Sobre árboles y personas,
por Gonzalo Rojas Sánchez.
El Presidente Piñera se ha colocado en zona muy peligrosa. Más allá de todas las materias en las que es discutido por opositores y partidarios, ha entrado ahora a definirse en un tema decisivo: la comparación entre vegetales y humanos. Con valentía, se ha atrevido a afirmar que las personas merecen más protección que los árboles.
En un tiempo más, cuando las cosas hayan vuelto a su cauce normal, el que se haya destacado una opinión de esta naturaleza va a mover a las carcajadas compasivas. "Pobres tipos los de comienzos del tercer milenio, mira las cosas obvias en las que se jugaban sus posturas", dirán los historiadores, casi atónitos.

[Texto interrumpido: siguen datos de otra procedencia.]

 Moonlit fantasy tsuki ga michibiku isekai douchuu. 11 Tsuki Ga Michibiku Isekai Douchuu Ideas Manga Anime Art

Pero hoy, distinguir entre un árbol y una persona, vaya, es un acto de audacia que debe ser reconocido.
Decenas de veces -inténtelo- podrá comprobarse que la cultura forestal de los chilenos es paupérrima. A pesar de ser incapaces de distinguir un peumo de un pimiento y un molle de un pellín, a muchos les ha venido un amor tan puro por los árboles, que no falta la ONG que califica al bosque como la unidad viva por excelencia, dentro de la cual -gracias- los seres humanos ocupamos un precario séptimo lugar, por cierto detrás del musgo.
No es extraño, entonces, que el Presidente haya suscitado las iras ecológicas, comprobando que son más bien furias egológicas, enojos propios de personas cuyo ego es tan fuerte que, en el nombre de la humanidad, se prefieren a sí mismas como usuarias de la naturaleza, aunque así perjudiquen a los más pobres de los humanos.
¿Una prueba de lo anterior? Pregúnteseles a los manifestantes verdes por sus opciones sobre la disminución de la población, y la respuesta será rotunda: más del 90 por ciento la apoya. Pobres árboles, es que ya no dan abasto para tantos humanos.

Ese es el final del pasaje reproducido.